• INFORMATION PROVIDED:
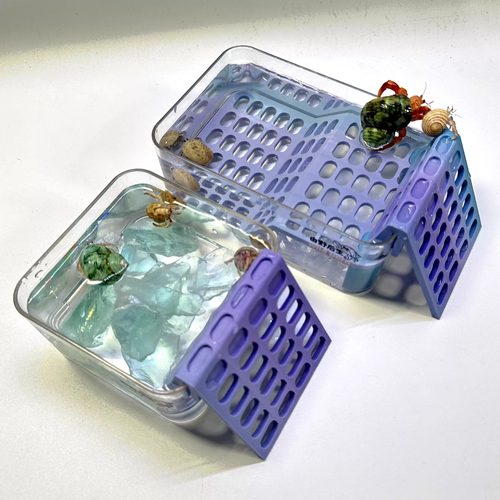 由野后生寄居蟹3D打印爬梯泡澡盆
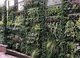 preserved green wall / modular-panel / natural / foliage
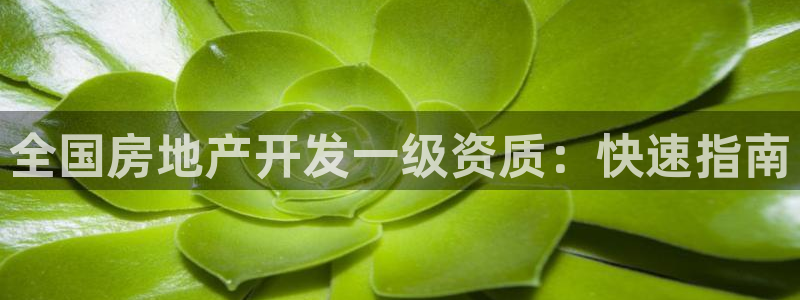 万向娱乐app下载安装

• REQUIREMENT: Please leave the images out and retype the rest of the material exactly.

• EXERCISE ANSWER:
 由野后生寄居蟹3D打印爬梯泡澡盆
 preserved green wall / modular-panel / natural / foliage
 万向娱乐app下载安装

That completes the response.